The Iranian President’s weekend announcement that his country has 6,000 centrifuges working to enrich uranium has been called a bluff by an Israeli official. The official, who is responsible for monitoring Iran’s nuclear development program, says that Ahmadinejad was probably lying when he claimed that number.

"Our assessment, based on the latest available information and recent reports from the International Atomic Energy Agency, is that the figure of 6,000 centrifuges is unlikely," said the official. "We believe a figure of between 3,400 and 3,500 is more accurate."

The number announced by Ahmadinejad to a semi-official Iranian news agency would represent a significant jump in the volume of uranium enrichment work currently underway.  It would also mean a much tighter deadline for international efforts to stop Iran before it completes building a nuclear weapon.
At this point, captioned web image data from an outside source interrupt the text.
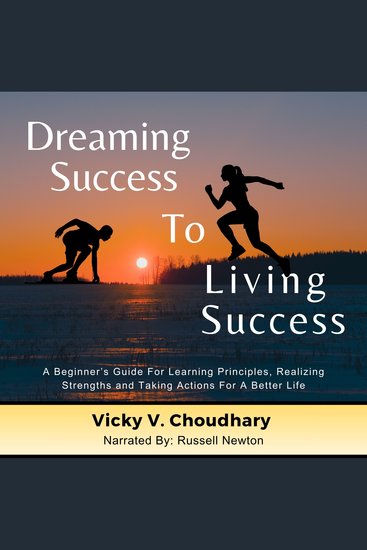 Dreaming Success To Living Success - A Beginner's Guide for Learning Principles Realizing Strengths and Taking Actions For A Better Life - cover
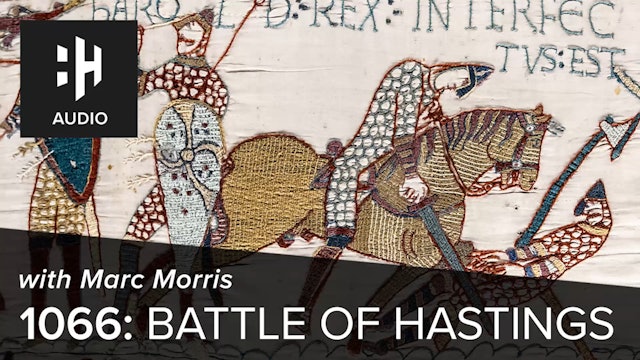 🎧 1066: Battle of Hastings with Marc Morris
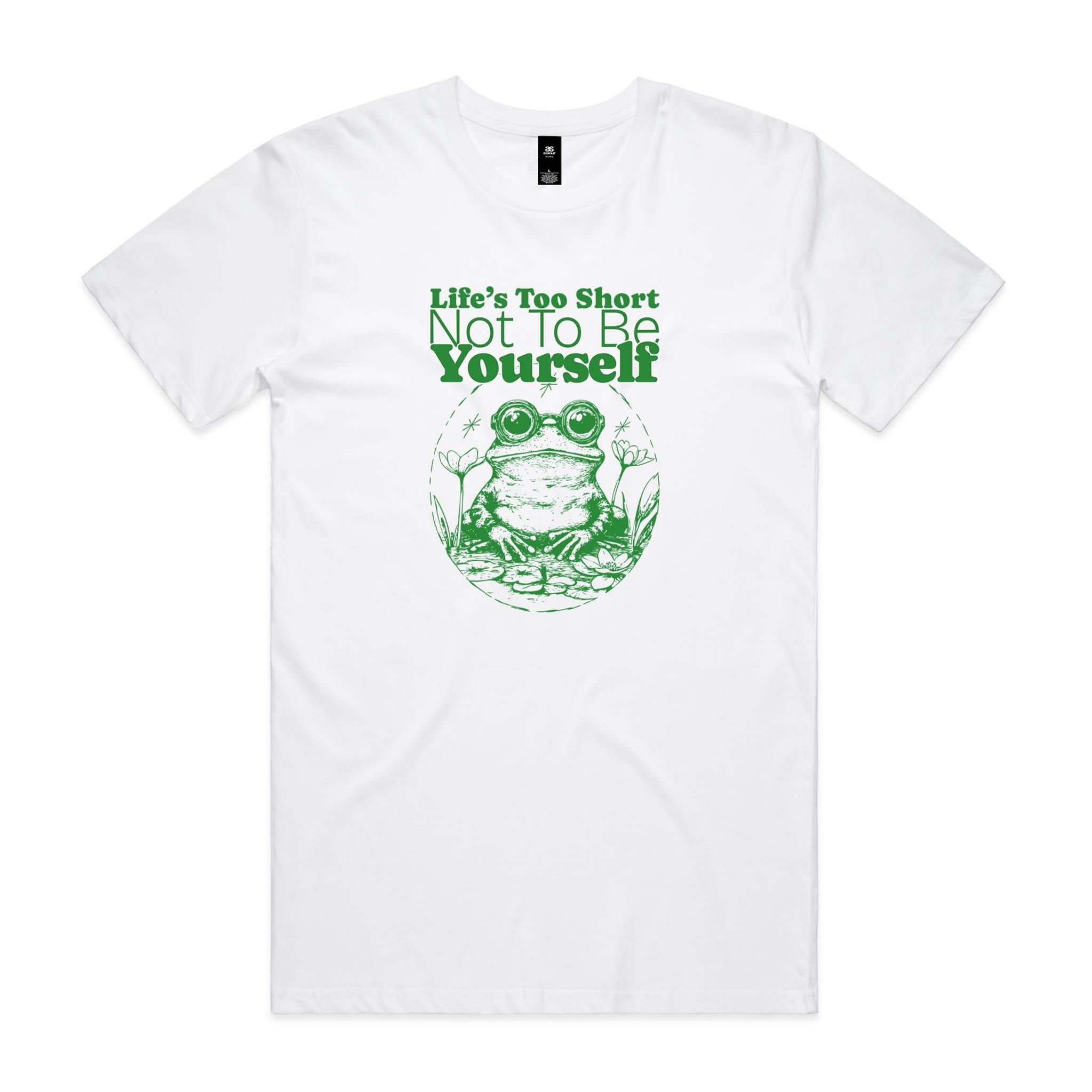 Life's Too Short Not To Be Yourself - Mens T-shirt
The statement from the Iranian leader comes a week after the United States sent a diplomat to mediate talks between Iran and world governments, in what is widely seen as a conciliatory move from the superpower.

The U.S. had previously taken a hard line in its approach to the recalcitrant Islamic Republic, threatening everything from economic sanctions to military intervention if Iran doesn’t stop its nuclear program, which it has refused to do. Tehran insists that the program is geared solely toward peaceful nuclear energy development, which it claims is a necessity given its limited capacity to refine its vast reserves of oil.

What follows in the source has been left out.